# Communication Failures: An Insidious Contributor to Medical Mishaps

*Sutcliffe, Lewton & Rosenthal · Safety & Error, Voice & Silence, Power & Equity · Academic Medicine · 2004 · Paywalled*

Sutcliffe, Lewton and Rosenthal interviewed twenty-six residents at a large American teaching hospital about the mishaps they had recently been involved in, and surfaced around seventy of them. Communication failure was implicated in most, which is the expected finding. The unexpected and far more useful finding is what those failures actually consisted of. Poor communication, the authors conclude, is not simply a matter of information failing to be transmitted or exchanged; it is produced by the social, relational and organisational structures of medicine itself. Residents described hesitating to ask a question or raise a doubt because doing so risked appearing incompetent in front of a senior; they described the vertical hierarchy of the profession making it awkward or unsafe to challenge someone above them, and the horizontal divisions between specialties and professions leaving no one clearly responsible for saying the difficult thing. Communication broke down not because the words were unavailable but because the conditions for speaking were absent. For a corpus about psychological safety this is a striking document, because it arrives at Edmondson's mechanism from the clinical side and largely without her vocabulary: the barrier to speaking is the image cost of speaking, and the hierarchy determines who pays it. It also supplies the everyday texture that the disaster literature cannot, since these were not catastrophes but ordinary mishaps of the kind that happen in every hospital every week, which is precisely what makes them insidious.

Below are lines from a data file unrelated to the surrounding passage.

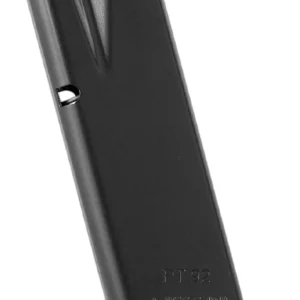 Mec-Gar MGPT9220M Taurus Competition 20rd 9mm Luger, Fits Taurus PT92/PT99 Black
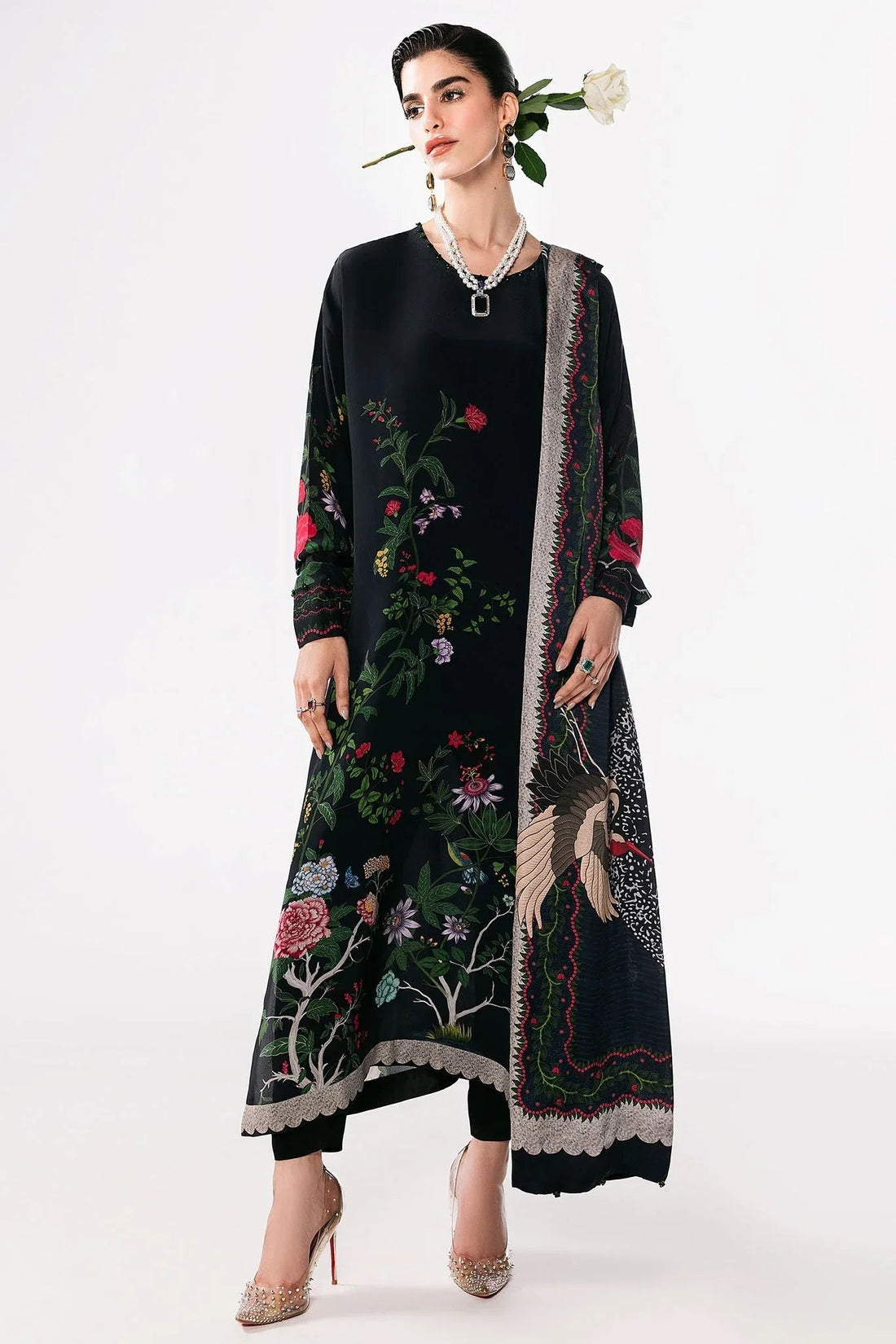 Elan I Elan Vital | AMÉLIE (EV-21395) - Aqsa Fabrics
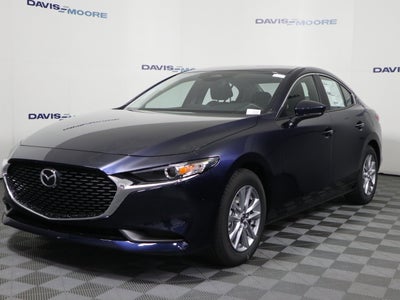 2026 Mazda Mazda3 Sedan 2.5 S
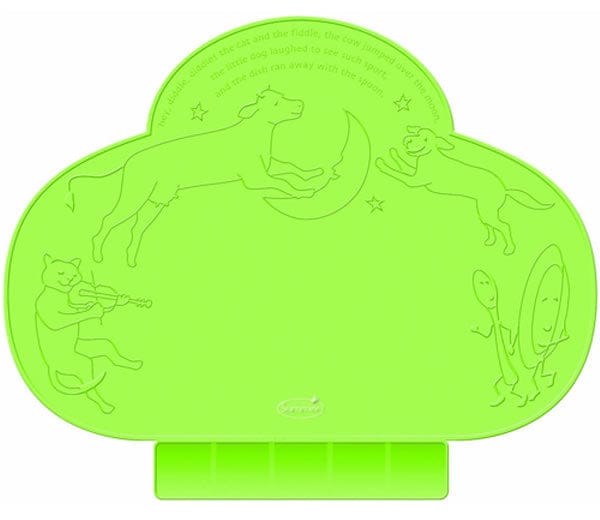 Summer Infant Tiny Diner Placemat - Green - 70964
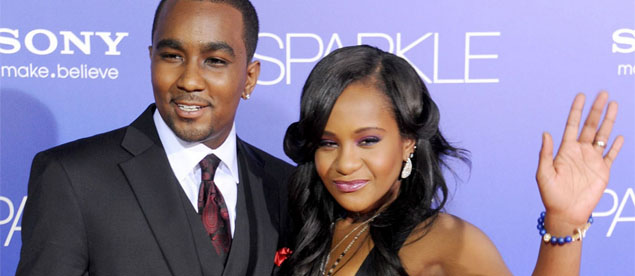 Bobbi Kristina Brown lucha por su vida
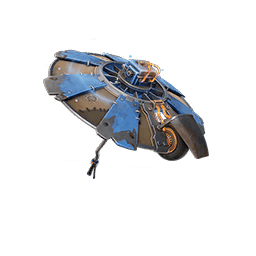 Junker 'Brella — Uncommon Glider Fortnite cosmetic
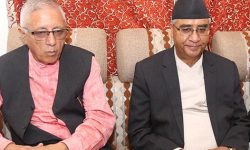 मतदातासँग मत माग्दै देउवा-कोइराला !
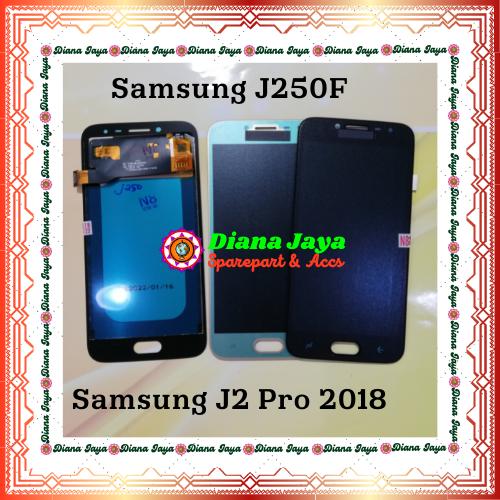Lcd + Touchscreen Samsung J250 / J2 Pro 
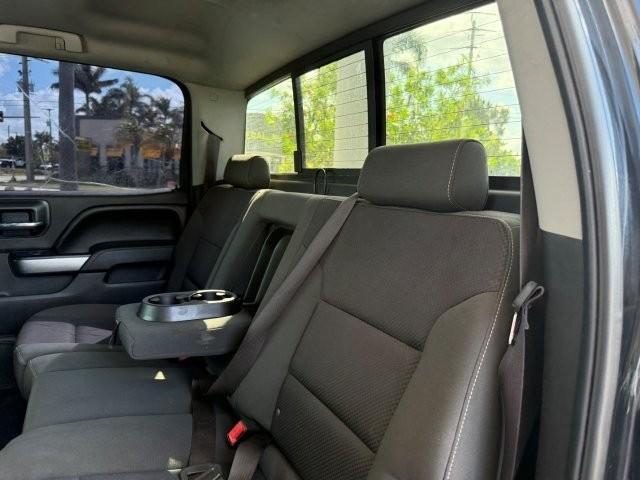used 2016 Chevrolet Silverado 1500 car, priced at $18,990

The paper's implication is that interventions aimed at communication as a skill, at handover checklists and read-backs and SBAR, will only travel so far, because the failure is structural and interpersonal rather than technical. Its limits are those of a single-site qualitative study with a small sample, relying on residents' retrospective accounts of events in which they were participants, so it maps the mechanisms richly without establishing their prevalence. (Text drawn from the 2004 Academic Medicine paper, 79(2), pp. 186-194.)